The third member of our team was the Catholic theologian and founder of the Animal Interfaith Alliance, Barbara Gardner, who gave her presentation on The Golden Rule and Compassion for All Beings. She explained that she was representing the Animal Interfaith Alliance (AIA), which is a unique alliance of faith-based animal advocacy organisations which represents the major faiths, and focuses on what we have in common and on what unites us, rather than what differentiates us.  We recognise that the Golden Rule, “to treat others as you would wish to be treated yourself” is common amongst all faiths and traditions, dating back millennia.  We also recognise that all faiths and traditions have included animals in their definition of “others” in the Golden Rule.  She reminded us that sadly, many of the followers of those faiths and traditions today, and for hundreds of years in the past, have forgotten that the rule applies to all sentient beings – beings who can feel pain and suffer, and who can experience pleasure and happiness.  In our ever more human-centric world, animals have become excluded from our circle of compassion.  They have become reduced to mere commodities for our use, with little or no regard for their complex emotional, social and spiritual lives. She went on to explain that the AIA aims to educate people on the original teachings of their faiths and to reinstate the fundamental principle that we must extend our circle of compassion to include all conscious, sentient beings, and that we must extend to them also, the golden rule and treat them as we would wish to be treated ourselves.  All member groups believe in a lifestyle which does not harm others.  Animals are sentient beings who have the right to live freely and not to be made to suffer by humans and exist for their own sakes and not for ours.  We believe that we are part of an interconnected web which includes the Earth and all its inhabitants, both plant and animals.  By abusing part of that web, we damage the rest of it, including the environment and ourselves.

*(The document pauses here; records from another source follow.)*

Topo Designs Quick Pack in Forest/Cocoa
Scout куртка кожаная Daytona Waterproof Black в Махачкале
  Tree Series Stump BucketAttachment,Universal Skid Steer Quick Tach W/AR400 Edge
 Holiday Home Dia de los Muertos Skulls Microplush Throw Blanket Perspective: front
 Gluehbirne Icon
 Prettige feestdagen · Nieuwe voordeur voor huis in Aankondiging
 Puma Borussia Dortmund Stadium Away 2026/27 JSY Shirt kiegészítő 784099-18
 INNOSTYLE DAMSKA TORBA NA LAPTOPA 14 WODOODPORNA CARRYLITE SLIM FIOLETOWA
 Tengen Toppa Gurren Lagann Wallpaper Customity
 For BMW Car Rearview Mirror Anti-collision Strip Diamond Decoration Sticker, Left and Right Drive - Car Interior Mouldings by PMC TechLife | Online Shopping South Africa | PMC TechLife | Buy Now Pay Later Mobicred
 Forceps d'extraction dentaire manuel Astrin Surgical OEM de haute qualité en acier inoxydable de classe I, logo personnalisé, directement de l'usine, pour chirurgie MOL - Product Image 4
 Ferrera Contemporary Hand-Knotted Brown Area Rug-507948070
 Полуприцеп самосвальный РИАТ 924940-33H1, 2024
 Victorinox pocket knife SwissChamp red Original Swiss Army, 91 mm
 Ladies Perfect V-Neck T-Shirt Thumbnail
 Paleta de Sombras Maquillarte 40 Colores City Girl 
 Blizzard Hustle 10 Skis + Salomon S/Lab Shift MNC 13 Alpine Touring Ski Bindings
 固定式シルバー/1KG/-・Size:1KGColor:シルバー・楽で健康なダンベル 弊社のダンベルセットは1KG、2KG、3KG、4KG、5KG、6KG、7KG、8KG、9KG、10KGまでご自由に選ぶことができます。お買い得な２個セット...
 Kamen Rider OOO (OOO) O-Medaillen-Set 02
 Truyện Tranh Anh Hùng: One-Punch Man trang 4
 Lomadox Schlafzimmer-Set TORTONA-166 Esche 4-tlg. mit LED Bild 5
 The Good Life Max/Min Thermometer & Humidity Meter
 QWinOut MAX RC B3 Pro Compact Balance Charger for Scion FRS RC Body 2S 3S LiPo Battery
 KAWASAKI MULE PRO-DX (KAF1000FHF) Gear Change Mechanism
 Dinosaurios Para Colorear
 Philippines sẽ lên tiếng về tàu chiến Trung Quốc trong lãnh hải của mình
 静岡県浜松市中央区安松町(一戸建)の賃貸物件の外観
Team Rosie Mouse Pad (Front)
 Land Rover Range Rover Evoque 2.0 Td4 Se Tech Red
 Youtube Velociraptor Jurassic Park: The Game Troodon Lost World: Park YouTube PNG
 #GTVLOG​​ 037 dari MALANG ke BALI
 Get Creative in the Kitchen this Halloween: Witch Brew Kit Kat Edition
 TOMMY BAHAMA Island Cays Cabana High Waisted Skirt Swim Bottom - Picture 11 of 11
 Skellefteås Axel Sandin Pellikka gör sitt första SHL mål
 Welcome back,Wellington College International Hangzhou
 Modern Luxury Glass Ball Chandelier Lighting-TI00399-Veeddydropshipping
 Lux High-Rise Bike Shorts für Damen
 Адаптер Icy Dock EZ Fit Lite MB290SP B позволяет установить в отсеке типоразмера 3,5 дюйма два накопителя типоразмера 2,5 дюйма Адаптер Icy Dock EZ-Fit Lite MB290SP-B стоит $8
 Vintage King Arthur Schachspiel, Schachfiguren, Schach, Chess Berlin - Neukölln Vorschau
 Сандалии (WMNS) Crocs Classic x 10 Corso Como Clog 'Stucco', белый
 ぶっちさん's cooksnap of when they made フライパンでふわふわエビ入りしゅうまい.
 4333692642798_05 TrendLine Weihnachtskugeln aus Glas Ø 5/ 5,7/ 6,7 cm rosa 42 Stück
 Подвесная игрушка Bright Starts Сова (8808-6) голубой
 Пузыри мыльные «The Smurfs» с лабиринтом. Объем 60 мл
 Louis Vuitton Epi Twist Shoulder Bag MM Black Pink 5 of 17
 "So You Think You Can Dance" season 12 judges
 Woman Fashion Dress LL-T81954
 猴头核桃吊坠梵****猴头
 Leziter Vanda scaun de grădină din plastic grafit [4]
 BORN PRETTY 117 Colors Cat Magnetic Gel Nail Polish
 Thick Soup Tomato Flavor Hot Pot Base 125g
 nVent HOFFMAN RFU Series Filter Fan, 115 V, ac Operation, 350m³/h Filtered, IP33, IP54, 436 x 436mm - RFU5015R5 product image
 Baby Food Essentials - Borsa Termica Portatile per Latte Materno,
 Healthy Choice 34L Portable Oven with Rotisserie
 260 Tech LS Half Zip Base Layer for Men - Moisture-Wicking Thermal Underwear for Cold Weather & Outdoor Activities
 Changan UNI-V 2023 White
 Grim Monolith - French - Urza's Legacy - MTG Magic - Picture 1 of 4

Finally, Eastern Orthodox theologian and Chair of the session, Dr Christina Nellist gave an outline of one of her forthcoming sessions at the Volos Academy of Theology in Greece, entitled The Creation Care Christian Responsibility Course. She explained that this course, originally written for an Orthodox audience, is easily adapted for use by other Christian denominations. It is for use in Christian parishes, youth groups, seminary institutions or for individual study. It may also provide a useful framework for homilies. The course, consisting of eight lessons, establishes that concern and compassion for animals is not a modern phenomenon, but one found both in the Bible and in the earliest teachings of the Christian Church. It provides an anamnesis of a lesser-known Christian tradition, where all animals are loved and protected by God and that their suffering is against God’s will. It reminds us that in our role as Image, we should strive to reflect the Archetype in our lives. At times, it also highlights the soteriological implications of our abuse and exploitation of God’s non-human animal beings and the wider creation. It reminds us that by causing harm to animals or by our indifference to it, human salvation is in jeopardy. It is written to facilitate Christian Church engagement with the subjects of animal suffering and climate change, which, though separate subjects, are deeply interconnected.